* Instructions for the task *
When the string "Sheet" is part of a line in the data below, report the whole line.

---------- Data to process ----------

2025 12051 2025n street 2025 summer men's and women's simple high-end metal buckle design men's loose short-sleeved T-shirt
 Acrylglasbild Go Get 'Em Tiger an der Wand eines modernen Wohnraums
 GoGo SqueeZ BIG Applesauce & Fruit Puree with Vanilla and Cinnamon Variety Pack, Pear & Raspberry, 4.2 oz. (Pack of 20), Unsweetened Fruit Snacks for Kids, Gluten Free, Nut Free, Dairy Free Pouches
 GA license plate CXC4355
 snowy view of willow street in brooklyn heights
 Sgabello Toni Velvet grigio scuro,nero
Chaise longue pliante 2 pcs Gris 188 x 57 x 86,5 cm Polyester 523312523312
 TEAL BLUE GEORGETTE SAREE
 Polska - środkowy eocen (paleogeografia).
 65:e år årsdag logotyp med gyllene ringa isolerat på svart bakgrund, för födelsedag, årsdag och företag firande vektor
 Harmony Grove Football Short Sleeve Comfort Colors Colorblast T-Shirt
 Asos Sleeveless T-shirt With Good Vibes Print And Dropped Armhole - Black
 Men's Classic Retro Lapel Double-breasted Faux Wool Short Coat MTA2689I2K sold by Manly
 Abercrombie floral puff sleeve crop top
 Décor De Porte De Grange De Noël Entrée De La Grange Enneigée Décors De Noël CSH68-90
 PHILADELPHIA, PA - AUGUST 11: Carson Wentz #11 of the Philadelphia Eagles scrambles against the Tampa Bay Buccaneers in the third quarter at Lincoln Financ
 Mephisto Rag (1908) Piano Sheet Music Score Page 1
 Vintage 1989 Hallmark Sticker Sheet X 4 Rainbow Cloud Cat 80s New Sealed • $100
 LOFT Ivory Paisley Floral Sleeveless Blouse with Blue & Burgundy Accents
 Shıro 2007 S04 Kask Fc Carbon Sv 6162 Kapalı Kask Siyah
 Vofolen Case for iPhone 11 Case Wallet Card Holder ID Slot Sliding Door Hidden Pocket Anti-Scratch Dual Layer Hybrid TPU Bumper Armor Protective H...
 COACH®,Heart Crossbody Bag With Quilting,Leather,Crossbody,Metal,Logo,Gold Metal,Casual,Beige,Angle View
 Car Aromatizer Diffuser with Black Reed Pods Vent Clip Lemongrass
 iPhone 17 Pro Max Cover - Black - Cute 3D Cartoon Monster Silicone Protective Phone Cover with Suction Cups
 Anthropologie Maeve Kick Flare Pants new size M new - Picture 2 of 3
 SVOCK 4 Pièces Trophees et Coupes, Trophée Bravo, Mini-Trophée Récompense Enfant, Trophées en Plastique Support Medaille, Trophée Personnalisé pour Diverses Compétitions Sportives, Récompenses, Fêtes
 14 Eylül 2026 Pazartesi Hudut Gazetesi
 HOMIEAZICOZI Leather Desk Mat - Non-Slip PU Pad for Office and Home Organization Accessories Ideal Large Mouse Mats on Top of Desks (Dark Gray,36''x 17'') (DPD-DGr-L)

----------

* Completed exercise *
 Mephisto Rag (1908) Piano Sheet Music Score Page 1
 Vintage 1989 Hallmark Sticker Sheet X 4 Rainbow Cloud Cat 80s New Sealed • $100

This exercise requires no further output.